Tuesday, 16 January 2024

Ideas In Fiction

The Time Machine invites us to discuss the nature of time as well as to speculate about the future of mankind and of life on Earth and of course to enjoy the adventures of the Time Traveller. Fiction about religious believers invites us to appreciate the characters, their activities and experiences, and also, if we are so inclined, to reflect on their beliefs. This returns us to Peter Berg in Poul Anderson's "The Problem of Pain." I think that a philosophical analysis of monotheism is a valid response, although obviously not a complete response, to the story, which is not only about what Berg believes but also about how he responds to his bereavement. 

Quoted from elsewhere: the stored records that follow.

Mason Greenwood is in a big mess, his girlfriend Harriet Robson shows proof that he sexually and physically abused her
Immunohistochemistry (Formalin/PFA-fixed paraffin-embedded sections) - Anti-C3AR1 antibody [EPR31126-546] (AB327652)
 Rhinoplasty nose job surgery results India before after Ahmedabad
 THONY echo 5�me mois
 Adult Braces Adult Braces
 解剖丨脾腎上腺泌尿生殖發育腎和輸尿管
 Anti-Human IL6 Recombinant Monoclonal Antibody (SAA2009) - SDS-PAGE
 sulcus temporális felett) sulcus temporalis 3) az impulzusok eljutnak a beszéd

Other issues in the story are: how would intelligent carnivores see God - assuming that they do see Him, of course -? and how should Christians believe that God responds to other rational species? It is certain that, if there are different answers to a question, then different groups of people will accept different answers. Thus, Berg's Church has decreed that Jesus saves only mankind whereas, later in the Technic History, a Wodenite is ordained in the Jerusalem Catholic Church.

1 comment:

Sean M. Brooks said...

Kaor, Paul!

I touched on the points you raised in your second paragraph in my "God and Alien in Anderson's Technic Civilization" article. And quoted from a Catholic magazine how, while this was totally speculative and would probably need an Ecumenical Council to authoritatively judge, it was suggested a dying alien who came to know of Christ and requested baptism, might be conditionally baptized pending such a judgement. Plainly, from the existence of non-human Jerusalem Catholics in the Technic stories, the decision made was that non-humans could become Christians.

We don't know what church Peter Berg was a member of, whether one of the Protestant churches or even one of the Orthodox churches, but whichever it was decided non-humans could not be baptized. If the Catholic Church ever authoritatively defined that non-humans could be baptized I would disagree with what Peter Berg's church decided.